4. Lack Of Face-To-Face-Communication

When it comes to communication, social media portrays a picture that differs from reality. Technology enables communication to be instant, across borders and over seas, with just about anyone. 

It’s important not to rely solely on messages and comments on social media to maintain relationships. Communication and relationship building with people in the real world requires more effort and investment of time. 

Being so accustomed to digital communication can make us less comfortable when it comes to making or maintaining real-life connections. 

When we’re alone in public, we bury our noses in our phones to avoid making eye contact with others. And continue living a fake life on social media and going through the motions with fake relations because we find talking to each other, face-to-face, too much to deal with.

5. Trolling And Bullying

Unfortunately, social media can act as a smokescreen for people who are angry at the world. Behind it lies a lot of toxicity. Nobody understands how fast social media can become nasty than someone who has experienced trolling or bullying online. 

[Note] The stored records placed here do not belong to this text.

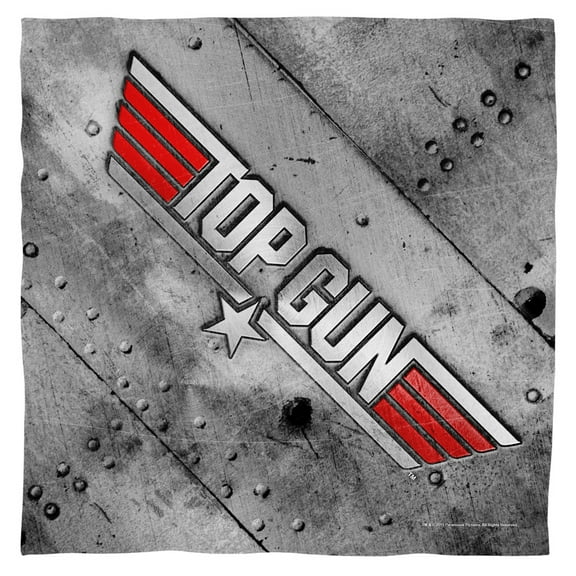 Top Gun - Logo - Bandana - 22" x 22"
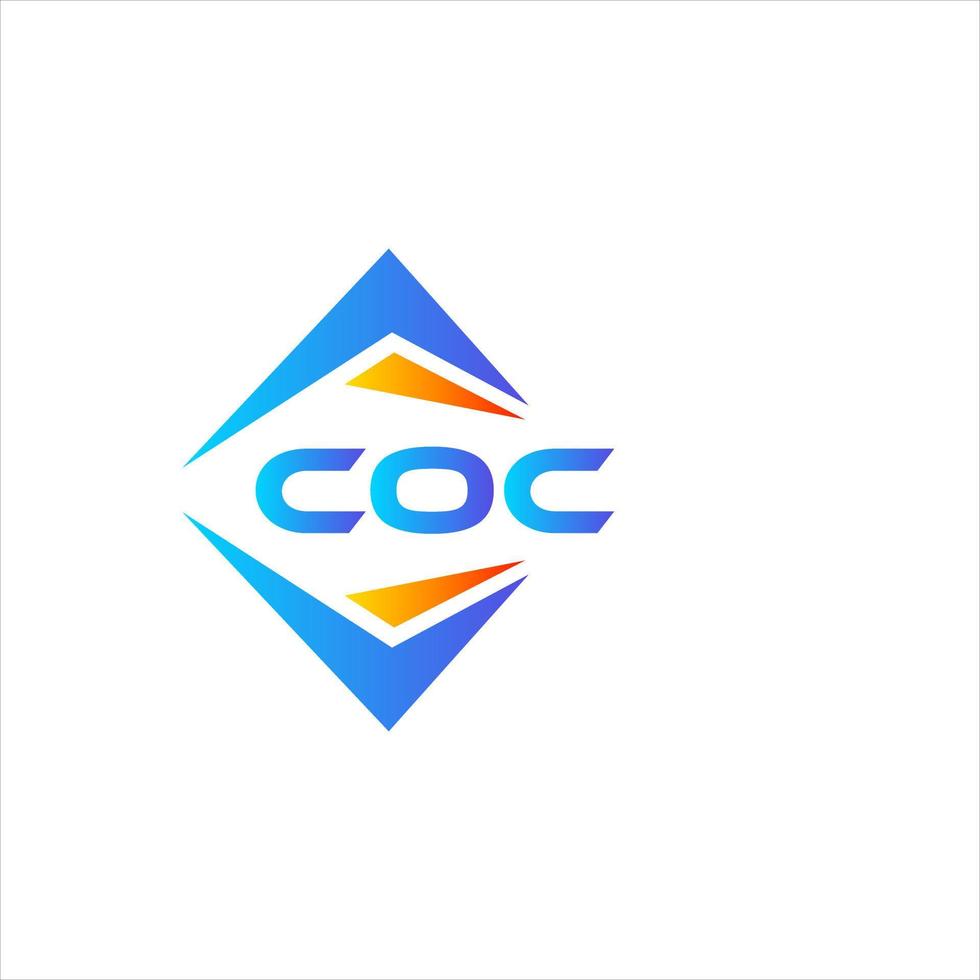 coc resumen tecnología logo diseño en blanco antecedentes. coc creativo iniciales letra logo concepto. vector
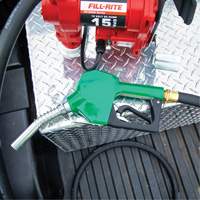 Green Automatic Gasoline Spout Nozzle Pathway Supply LP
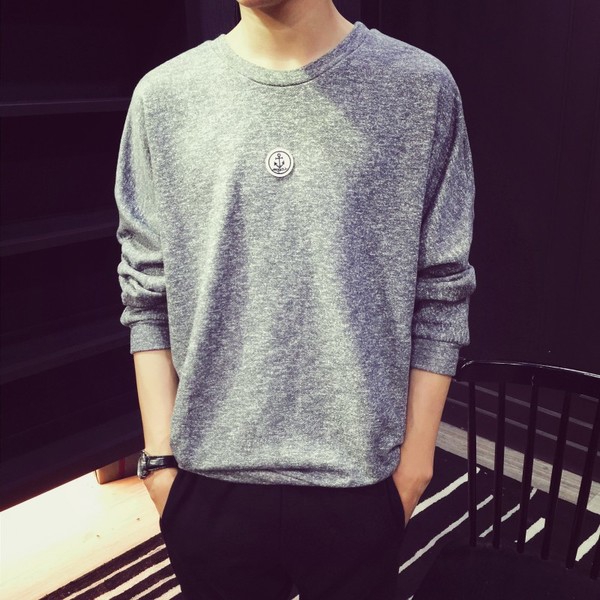 Λεπτά ανδρικά πουλόβερ σε γκρι  χρώμα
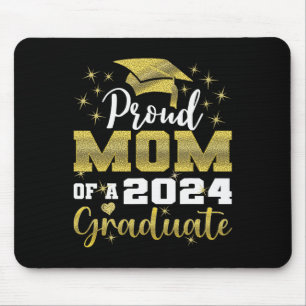 Proud Mum Of 2024 Graduate Awesome Family College Mouse Pad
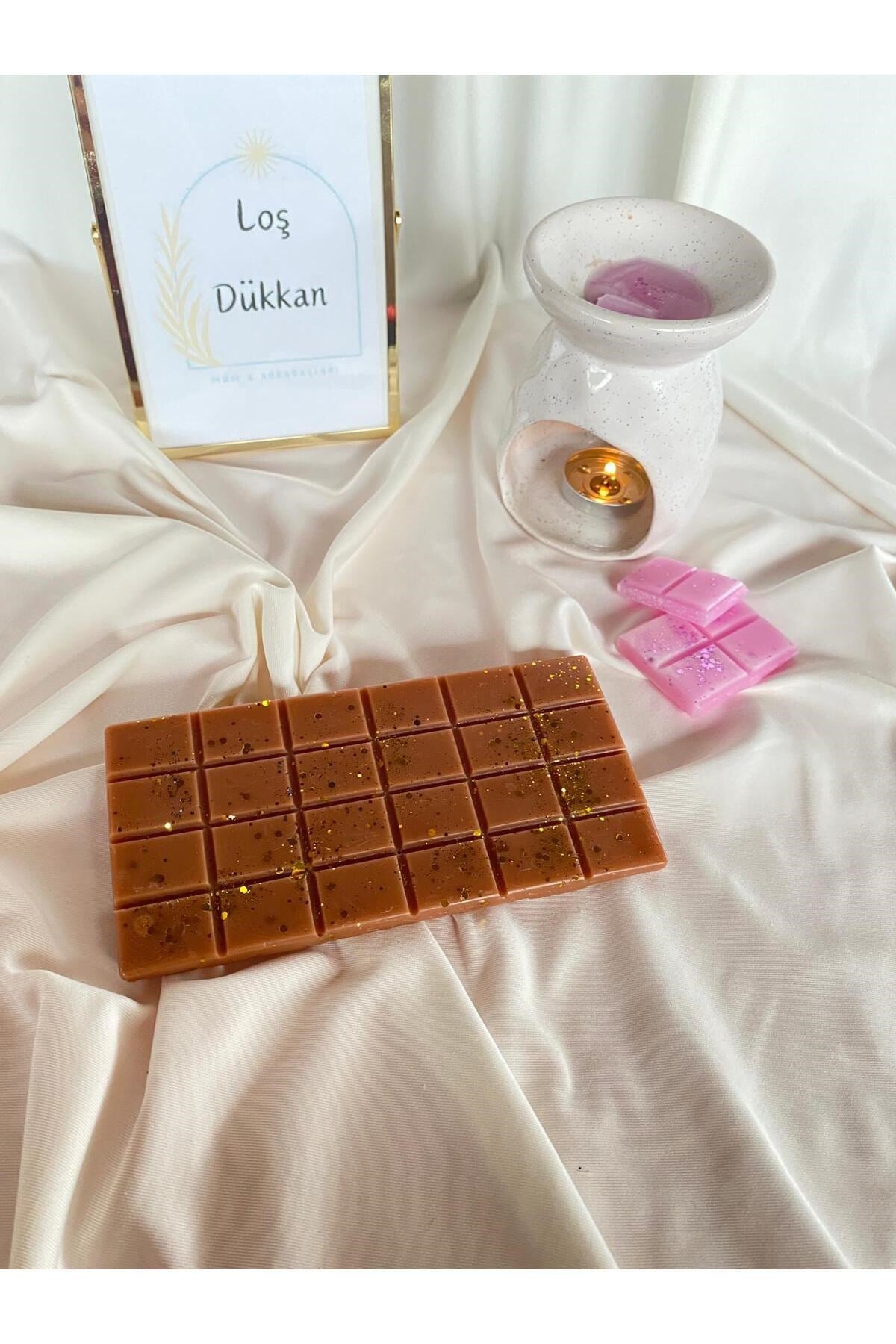 Buhurdanlık Koku Tableti %100 Soya Wax Melts Vegan Buhurdanlık Mumu Çikolata Kokulu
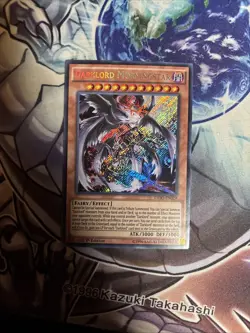(AY) Yugioh Darklord Morningstar DESO-EN029 Secret Rare 1st Ed VLP - Image 1
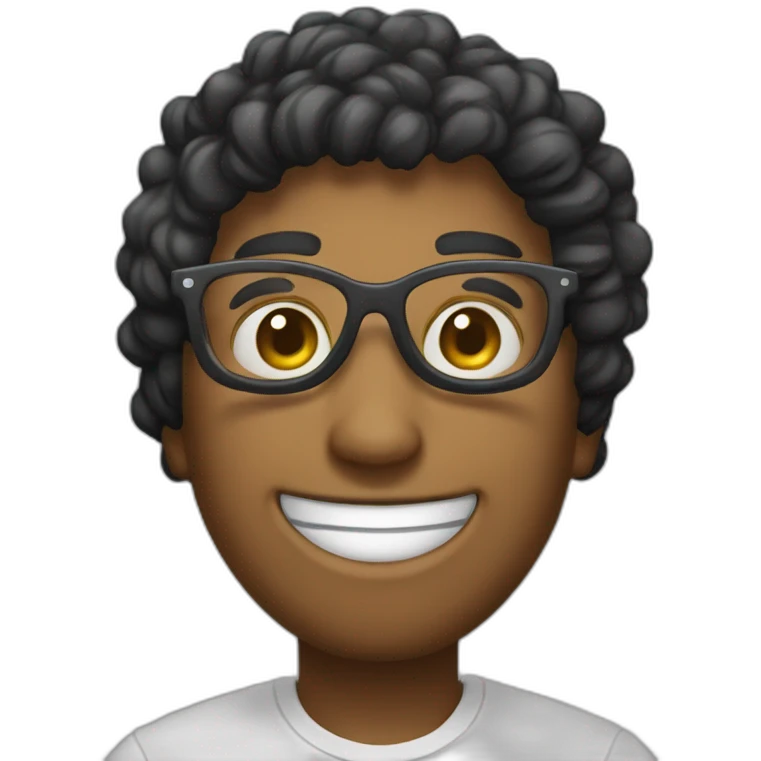 persona con unos lentes y una sonrisa emoji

Today, staying safe on social media is a precaution that everybody needs to take. Luckily Spokeo has a tool that is designed to help you navigate social media safety. If you get attacked by an anonymous troll you can look them up on Spokeo to learn more about them. You can get to know more about other social media users you interact with.

This negative side of online communication should serve as a reminder that a social media fake life is just that. Fake. And once you’ve been down this road, you quickly come to realize that the social life and online persona you’ve created can never replace life in the real world. 

What’s Next? 

Of all the friends you have on social media, how many would you consider friends in real life? How many of them have you tried to see recently? 

If your own honest answer to these questions surprises you, work towards developing your existing network of friends and family outside of social media. Take the time, make the effort and commit to communicating and checking up on your loved ones in real life. 

Those are the people you can depend on, the ones who will come through for you in challenging times. They’re the ones who will be there to pick you up when you fall. They’re the ones you should share your real life with.